Join us on February 14 at 11:00 am Pacific Time for the virtual Ziegler Lecture Series, featuring Dr. Anna Parkinson of Northwestern University.

View the recording here:

Title: “Contrapuntal Humanism: The Anachronism of Post-Holocaust Diasporic Writing”

Abstract: An implicit assumption in the field of Holocaust Studies is the enduring importance of humanism, at times framed as a commitment to a universal humanity (note, for example, the universalist solicitation presumed in the familiar dictum or imperative responding to the events of the Holocaust: “never again”). Almost counter-intuitively, considering the tremendous destruction wrought by the Holocaust and other acts of violence, much post-Holocaust literature likewise nonetheless cleaves to a belief in an ideal of humanism, even as it simultaneously exposes its fragility, paradoxes and limitations. Peripatetic literary and cultural critic Edward Said’s evocative use of the term “contrapuntal” provides a productive point of departure for charting the anachronistic relationship between history, time, and form characteristic of post-Holocaust Jewish diasporic writing beyond the traditional Holocaust literary canon, as demonstrated in aspects of the fiction and non-fiction writing of Hans Keilson and H.G. Adler, two lesser-known German-language writers and Jewish survivors in the diaspora.

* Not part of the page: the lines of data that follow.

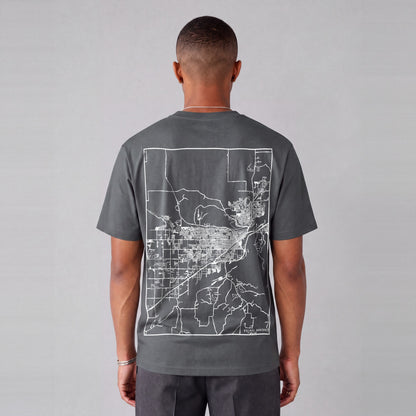 Billings map tee, back print on model - Charcoal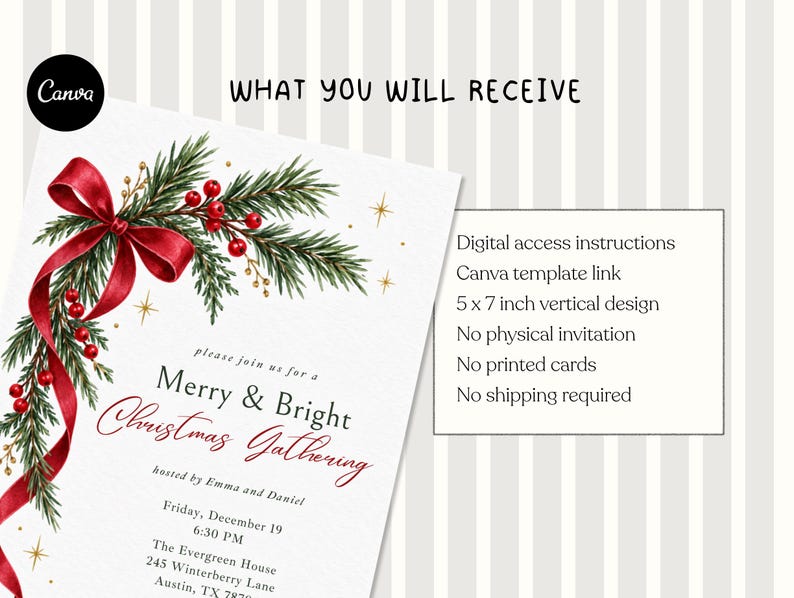 K&ouml;nnte beinhalten: Eine vertikale digitale Einladungsvorlage im Format 12,7 x 17,8 cm mit einer Aquarellillustration von Tannenzweigen, roten Beeren und einem roten Band. Der Text lautet: WHAT YOU WILL RECEIVE, Merry & Bright Christmas Gathering und Veranstaltungsdetails.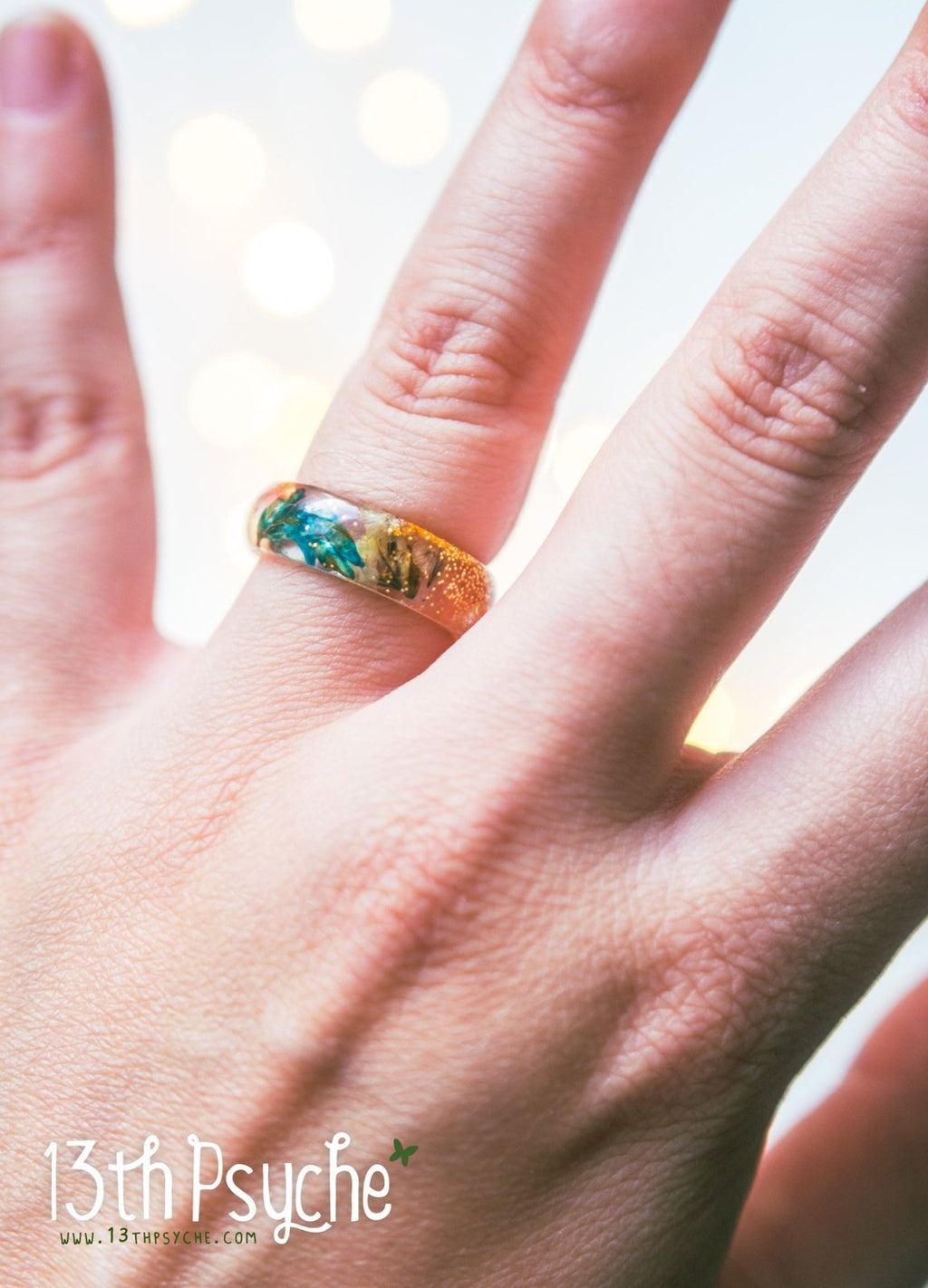 Handmade Real dried flowers resin ring - 13th Psyche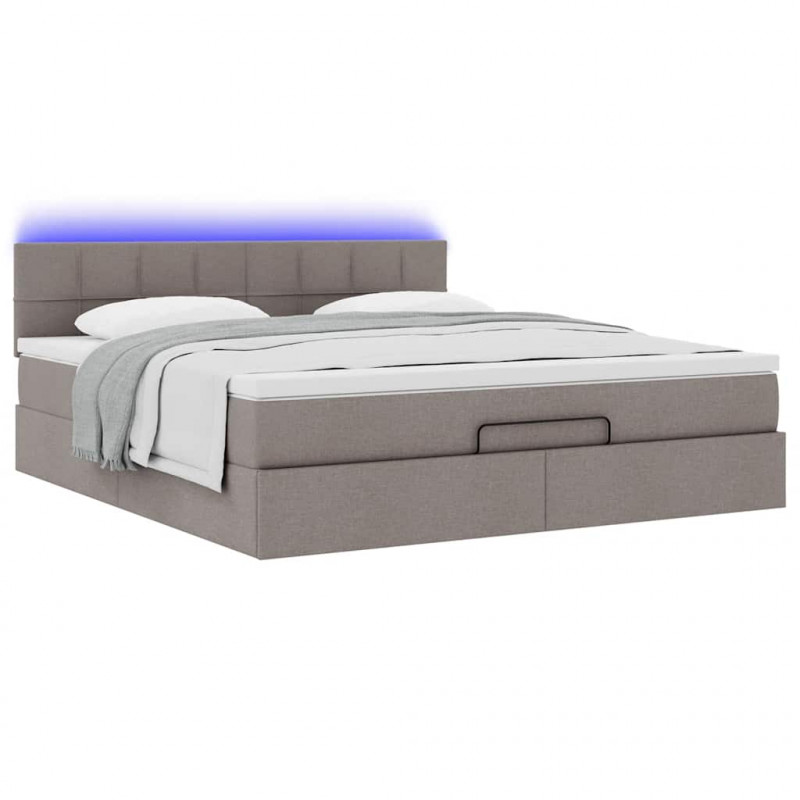 Łóżko otomana z materacem i LED, taupe, 180x200cm, tkanina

Bio: Anna Parkinson is Associate Professor of German, Core Member of the Critical Theory Program, and Affiliated Faculty with the Jewish Studies and the Gender and Sexuality Studies Programs at Northwestern University, Evanston, USA. She is the author of An Emotional State: The Politics of Emotion in Postwar West German Culture (University of Michigan Press, 2015) and articles on topics including postwar psychoanalysis and critical theory, twentieth-century fiction and film, Cold War media, the role of ambivalence in Holocaust fiction and non-fiction writing and transnational memory work.